> **Exercise aim**: Leaving the pictures aside, repeat each line below exactly.

> **Given data**:
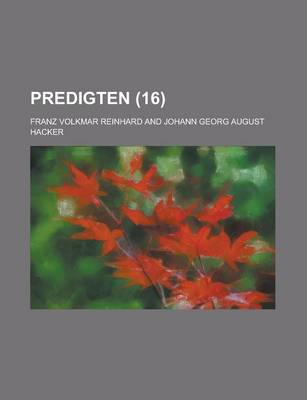 Book cover for Predigten (16)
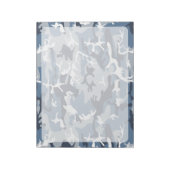 冬の雪の青の迷彩、軍隊、陸軍 ノートパッド (回転)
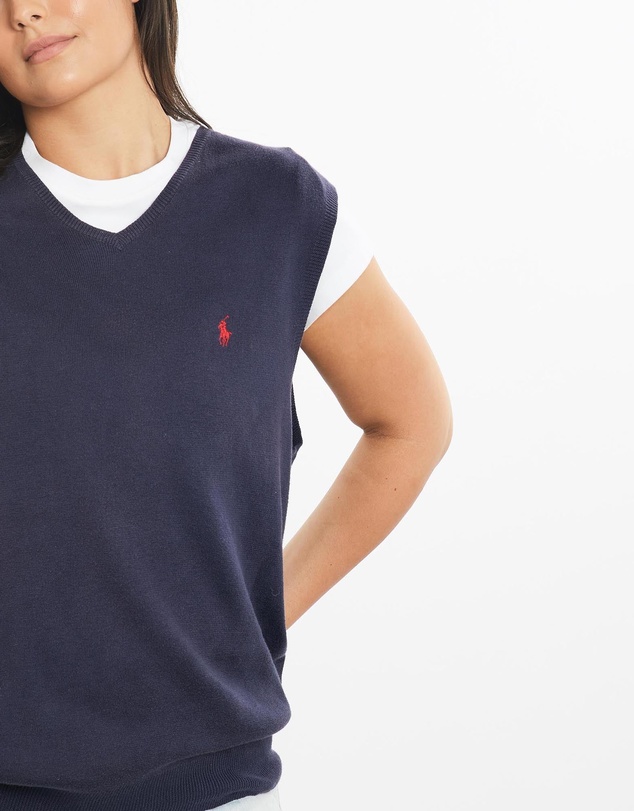 Vintage by The Real Deal - Pre Loved - Vintage 90s Polo Ralph Lauren Knit Sweater Vest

> **Expected output**:
 Book cover for Predigten (16)
 冬の雪の青の迷彩、軍隊、陸軍 ノートパッド (回転)
 Vintage by The Real Deal - Pre Loved - Vintage 90s Polo Ralph Lauren Knit Sweater Vest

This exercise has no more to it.